Top of DATA RECORDS

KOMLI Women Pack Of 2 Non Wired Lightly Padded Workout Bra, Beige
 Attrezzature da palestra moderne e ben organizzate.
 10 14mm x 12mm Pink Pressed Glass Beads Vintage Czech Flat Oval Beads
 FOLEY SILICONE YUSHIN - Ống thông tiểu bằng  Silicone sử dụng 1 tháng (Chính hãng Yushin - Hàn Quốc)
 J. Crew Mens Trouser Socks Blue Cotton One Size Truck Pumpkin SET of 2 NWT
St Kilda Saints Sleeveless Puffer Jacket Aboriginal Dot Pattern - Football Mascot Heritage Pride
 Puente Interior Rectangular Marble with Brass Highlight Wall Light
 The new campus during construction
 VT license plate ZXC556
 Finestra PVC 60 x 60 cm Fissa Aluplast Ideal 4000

Bottom of DATA RECORDS

=== EXERCISE BRIEF ===
Starting at the first line of the records above, please copy every line exactly through the line containing "FOLEY SILICONE YUSHIN", and stop there.

=== OUTPUT ===
KOMLI Women Pack Of 2 Non Wired Lightly Padded Workout Bra, Beige
 Attrezzature da palestra moderne e ben organizzate.
 10 14mm x 12mm Pink Pressed Glass Beads Vintage Czech Flat Oval Beads
 FOLEY SILICONE YUSHIN - Ống thông tiểu bằng  Silicone sử dụng 1 tháng (Chính hãng Yushin - Hàn Quốc)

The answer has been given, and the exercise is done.